(Work required):
Below are records to return verbatim; the pictures are to be dropped.

[Items from a dataset]
□ □ □ □

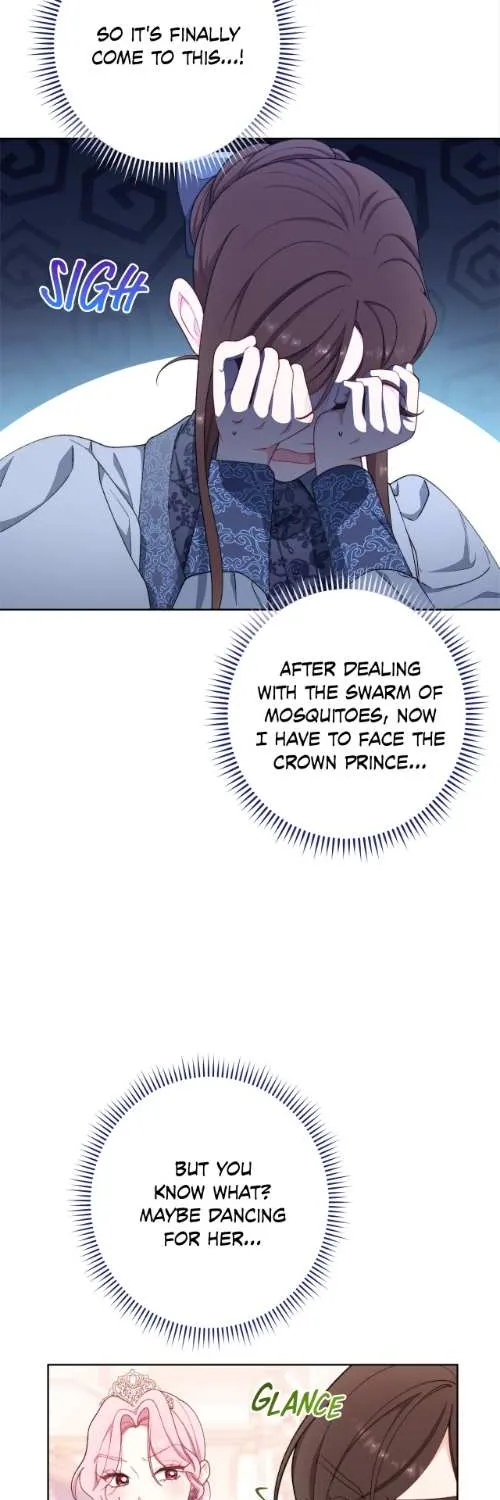 Exclusive maid of the evil empress Zinmanga X Chapter 9 Page 19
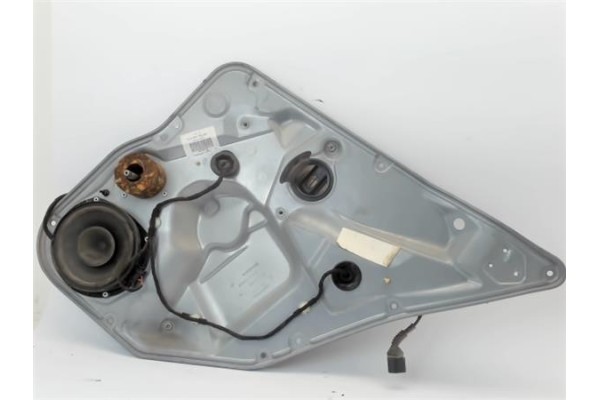 Recambio de elevalunas electrico trasero derecho para seat ibiza (6l1) 1.9 stella referencia OEM IAM 6L4839752AH 6L4837756D 
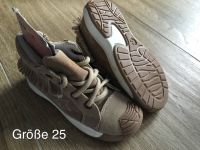 Lupilu Kinder halbschuh schuh Stiefel gr 25 NEU beige Brandenburg - Prenzlau Vorschau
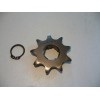 HONDA 200 &250 TLR  front 9T sprocket, link size 520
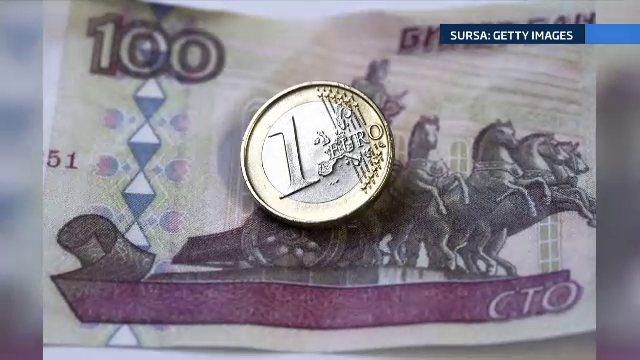 Rusia in CRIZA dupa ce rubla a pierdut 20% din valoare intr-o singura zi. Rusii care au credite in valuta sunt disperati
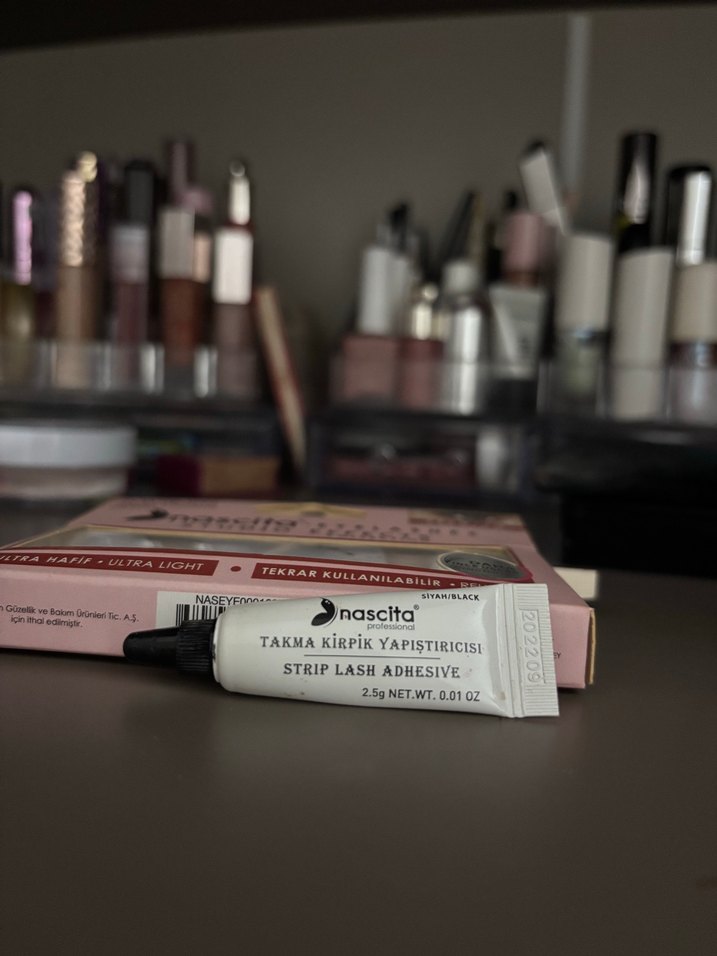 Nascita Studio Effects Tekli Takma Kirpik - Görsel 2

□ □ □ □

(Response to this task):
 Exclusive maid of the evil empress Zinmanga X Chapter 9 Page 19
 Recambio de elevalunas electrico trasero derecho para seat ibiza (6l1) 1.9 stella referencia OEM IAM 6L4839752AH 6L4837756D 
 Lupilu Kinder halbschuh schuh Stiefel gr 25 NEU beige Brandenburg - Prenzlau Vorschau
 HONDA 200 &250 TLR  front 9T sprocket, link size 520
 Rusia in CRIZA dupa ce rubla a pierdut 20% din valoare intr-o singura zi. Rusii care au credite in valuta sunt disperati
 Nascita Studio Effects Tekli Takma Kirpik - Görsel 2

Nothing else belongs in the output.